# What the heck??



## Magdelaine (Apr 9, 2005)

I'm currently cycling my 29 gallon tank. I finally got it all put together with the rocks and the substrate and while waiting for my plant order to arrive I spiked the tank with ammonia to 1.5 mg/l (day 1). Day 2 I spiked it to almost 3.0 mg/l and even though I had added mulm and some rocks from my cycled 10 gallon I decided the stuff in my whisper's bio-sponge would be really good to kick start cycling so I took it out of the filter case and dunked it clean in my 29 gallon's water. 

Today, I'm getting ready to test the water when some strange movement catches my eye. It looks like some bit of something or other is _swimming_. On closer inspection I see it's a baby fish! My female guppy has been dead for more than a week and she didn't have a gravid spot for months prior to her passing, plus, it just doesn't look like a guppy fry. It's missing those big eyes they normally have. Is it possible this guy was just living in the filter? It must have come from that sponge! 

I put a piece of lettuce in there but I have no idea what to feed something so small. Obviously I'm not going to add any more ammonia. Any ideas on how I go about taking care of this tiny creature _and_ cycle my tank?


----------



## garfieldnfish (Jan 18, 2005)

First bites fry food. It looks big enough to eat that. Or crush some flakes really fine. This will actually cycle your tank too since this fry will not eat it all and the left over food will become a source of ammonia for the cycle.


----------



## Guest (Jan 30, 2006)

If you really want to keep the lil' creature, I would take it out of the cycling tank and put it in an unfiltered bowl or tank. I would also add a few drops of Methelyne blue. Feed it frozen baby brine shrimps. It will grow much faster that way. Make frequent water changes and be careful not to flush it out. 

A close-up pic would be nice if you can manage to catch the lil' bug still for a moment.

Good luck.... very interesting project you have now!

Sponge
PS : If your tank is heated, try to heat the bowl or tank too.

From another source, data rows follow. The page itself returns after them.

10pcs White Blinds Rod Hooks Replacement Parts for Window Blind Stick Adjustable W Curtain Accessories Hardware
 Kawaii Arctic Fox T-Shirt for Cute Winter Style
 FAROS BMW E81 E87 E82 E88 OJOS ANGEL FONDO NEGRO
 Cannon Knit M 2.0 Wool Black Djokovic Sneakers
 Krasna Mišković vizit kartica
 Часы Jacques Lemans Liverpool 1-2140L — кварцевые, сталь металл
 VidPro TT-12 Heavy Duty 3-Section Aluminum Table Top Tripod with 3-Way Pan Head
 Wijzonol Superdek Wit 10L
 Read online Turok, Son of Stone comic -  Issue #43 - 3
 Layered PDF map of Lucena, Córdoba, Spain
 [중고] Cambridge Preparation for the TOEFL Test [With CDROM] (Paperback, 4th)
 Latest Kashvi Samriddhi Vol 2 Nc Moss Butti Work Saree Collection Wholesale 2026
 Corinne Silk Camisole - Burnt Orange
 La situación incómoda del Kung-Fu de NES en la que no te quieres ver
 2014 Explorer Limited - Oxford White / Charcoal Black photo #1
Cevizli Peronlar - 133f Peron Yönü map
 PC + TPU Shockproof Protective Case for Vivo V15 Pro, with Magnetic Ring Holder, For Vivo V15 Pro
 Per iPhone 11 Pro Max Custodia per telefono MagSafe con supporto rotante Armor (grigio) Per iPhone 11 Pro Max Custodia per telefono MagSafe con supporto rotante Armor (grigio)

If not, try to set it close to a tank that is and away from any air draft. A small air stone will help too but try to go easy on the air flow... don't want to stir the living **** out of it! LOL


----------



## Magdelaine (Apr 9, 2005)

I just tested the water in the 29 gallon and it's at 3.0 mg/l ammonia with 0 nitrites. I don't see how it could be alive, but it is. So I caught it in a pint jar and transfered it to a quart jar into which I added some 10 gallon tank water so the ammonia won't kill it.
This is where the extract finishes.